UK Once Again Demands Backdoor To Apple's Encrypted Cloud Storage (arstechnica.com)
- Reference: 0179616678
- News link: https://apple.slashdot.org/story/25/10/01/1719219/uk-once-again-demands-backdoor-to-apples-encrypted-cloud-storage
- Source link: https://arstechnica.com/tech-policy/2025/10/uk-once-again-demands-backdoor-to-apples-encrypted-cloud-storage/
> The UK Home Office demanded in early September that Apple create a means to allow officials access to encrypted cloud backups, but stipulated that the order applied only to British citizens' data, according to people briefed on the matter.
>
> A previous technical capability notice (TCN) issued in January sought global access to encrypted user data.

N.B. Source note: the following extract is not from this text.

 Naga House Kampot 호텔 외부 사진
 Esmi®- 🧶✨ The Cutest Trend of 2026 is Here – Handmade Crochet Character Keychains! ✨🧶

That move sparked a diplomatic clash between the UK and US governments and threatened to derail the two nations' efforts to secure a trade agreement.
>
> In February, Apple [3]withdrew its most secure cloud storage service , iCloud Advanced Data Protection, from the UK. "Apple is still unable to offer Advanced Data Protection in the United Kingdom to new users," Apple said on Wednesday. "We are gravely disappointed that the protections provided by ADP are not available to our customers in the UK given the continuing rise of data breaches and other threats to customer privacy." It added: "As we have said many times before, we have never built a back door or master key to any of our products or services and we never will."
[1] https://arstechnica.com/tech-policy/2025/10/uk-once-again-demands-backdoor-to-apples-encrypted-cloud-storage/
[2] https://apple.slashdot.org/story/25/08/19/0345252/us-spy-chief-gabbard-says-uk-agreed-to-drop-backdoor-mandate-for-apple
[3] https://apple.slashdot.org/story/25/02/21/1529255/apple-removes-cloud-encryption-feature-from-uk-after-backdoor-order
From a brit (Score:2)
Go f yourself with a cactus please.
Re: (Score:2)
As a fellow Brit, I concur with the rider that said fucking should be performed repeatedly and sideways.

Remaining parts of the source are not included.